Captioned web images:
=====
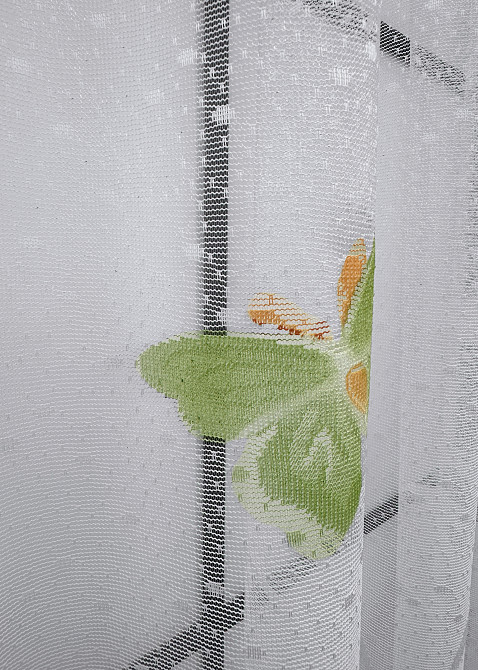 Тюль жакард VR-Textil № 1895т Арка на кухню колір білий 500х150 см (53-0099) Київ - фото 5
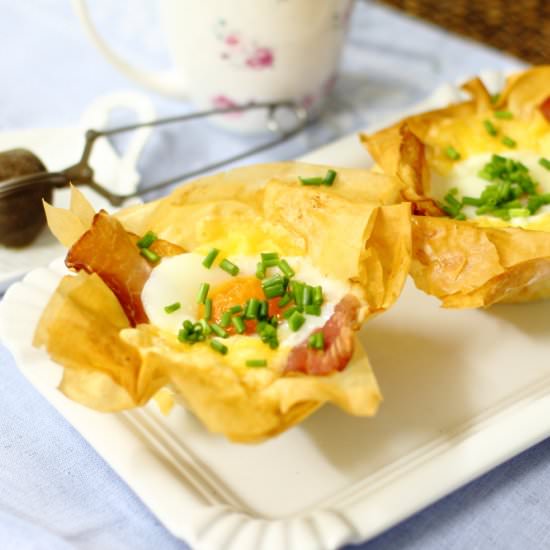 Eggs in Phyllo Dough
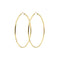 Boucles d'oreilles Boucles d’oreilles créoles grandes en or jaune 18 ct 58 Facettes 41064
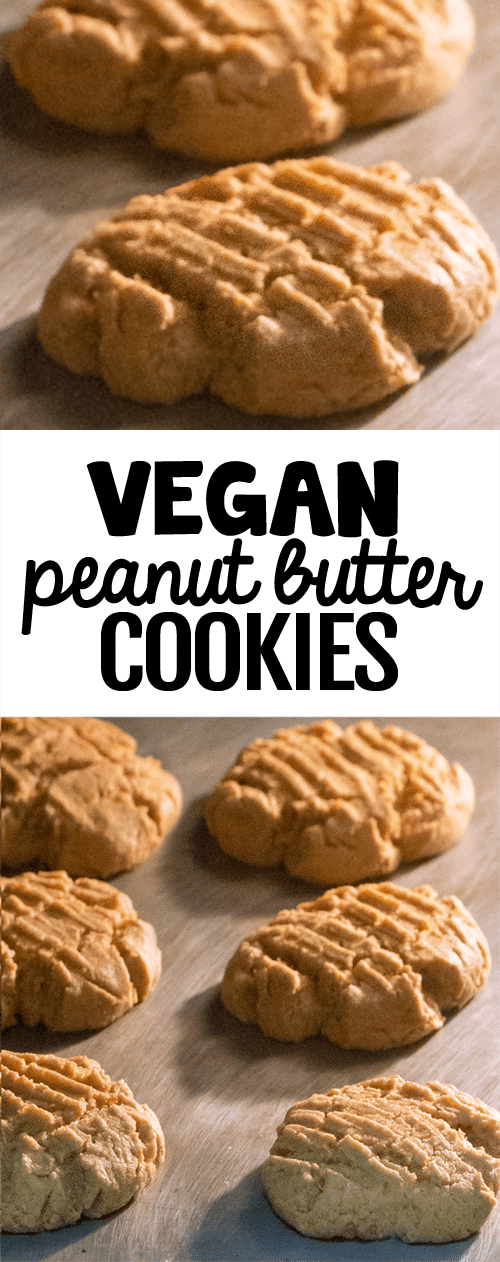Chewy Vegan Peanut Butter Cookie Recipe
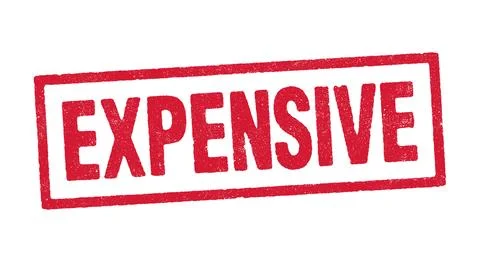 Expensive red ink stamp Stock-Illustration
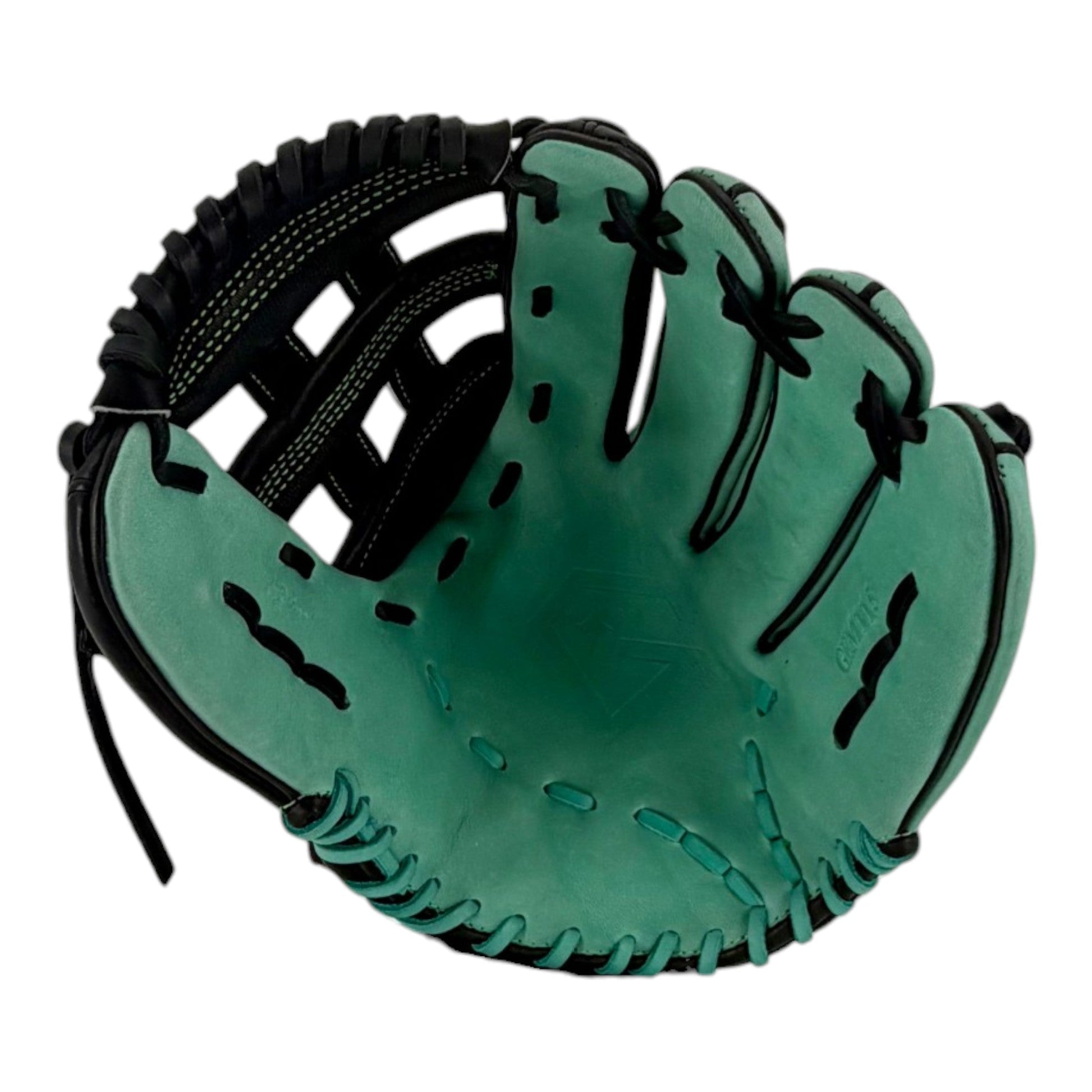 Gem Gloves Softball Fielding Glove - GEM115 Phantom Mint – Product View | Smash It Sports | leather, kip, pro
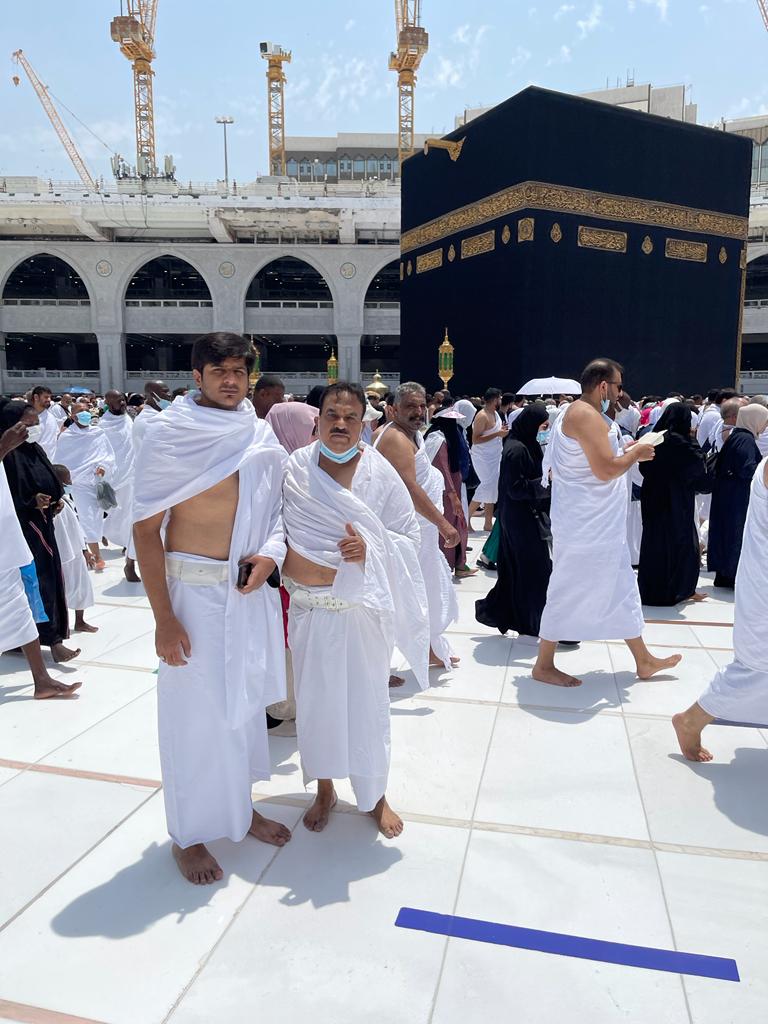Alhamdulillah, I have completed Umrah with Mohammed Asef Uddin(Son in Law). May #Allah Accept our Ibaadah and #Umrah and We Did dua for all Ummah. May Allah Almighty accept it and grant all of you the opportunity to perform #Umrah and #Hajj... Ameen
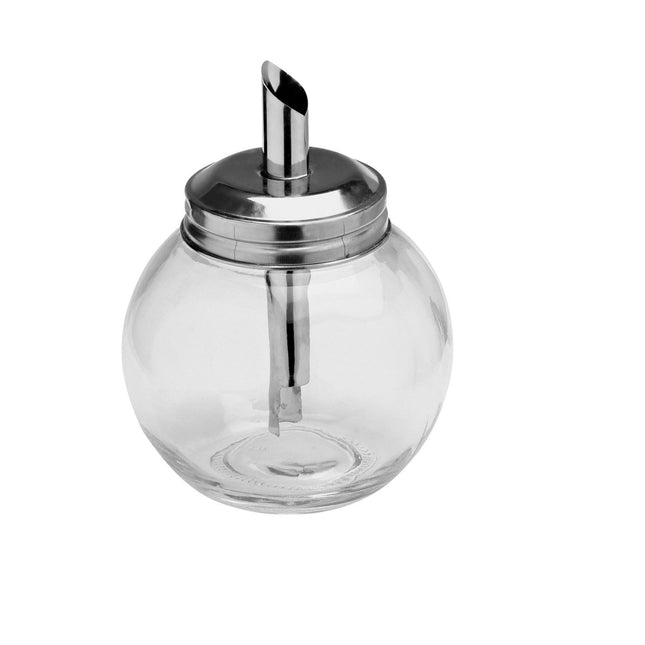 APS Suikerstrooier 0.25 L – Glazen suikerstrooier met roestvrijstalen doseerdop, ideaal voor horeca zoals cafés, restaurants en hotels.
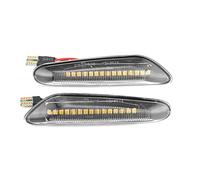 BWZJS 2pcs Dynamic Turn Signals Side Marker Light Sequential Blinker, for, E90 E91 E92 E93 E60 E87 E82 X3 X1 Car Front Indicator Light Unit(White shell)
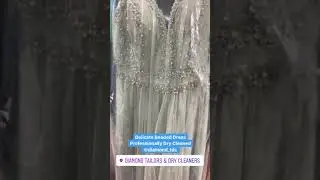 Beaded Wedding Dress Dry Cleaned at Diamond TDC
=====
What you need to do:
Word for word, retype the lines in the entries above that run from the one with "Boucles d'oreilles Boucles" through the one with "Gem Gloves Softball". Both ends count; pictures do not.

Response to this exercise:
 Boucles d'oreilles Boucles d’oreilles créoles grandes en or jaune 18 ct 58 Facettes 41064
Chewy Vegan Peanut Butter Cookie Recipe
 Expensive red ink stamp Stock-Illustration
 Gem Gloves Softball Fielding Glove - GEM115 Phantom Mint – Product View | Smash It Sports | leather, kip, pro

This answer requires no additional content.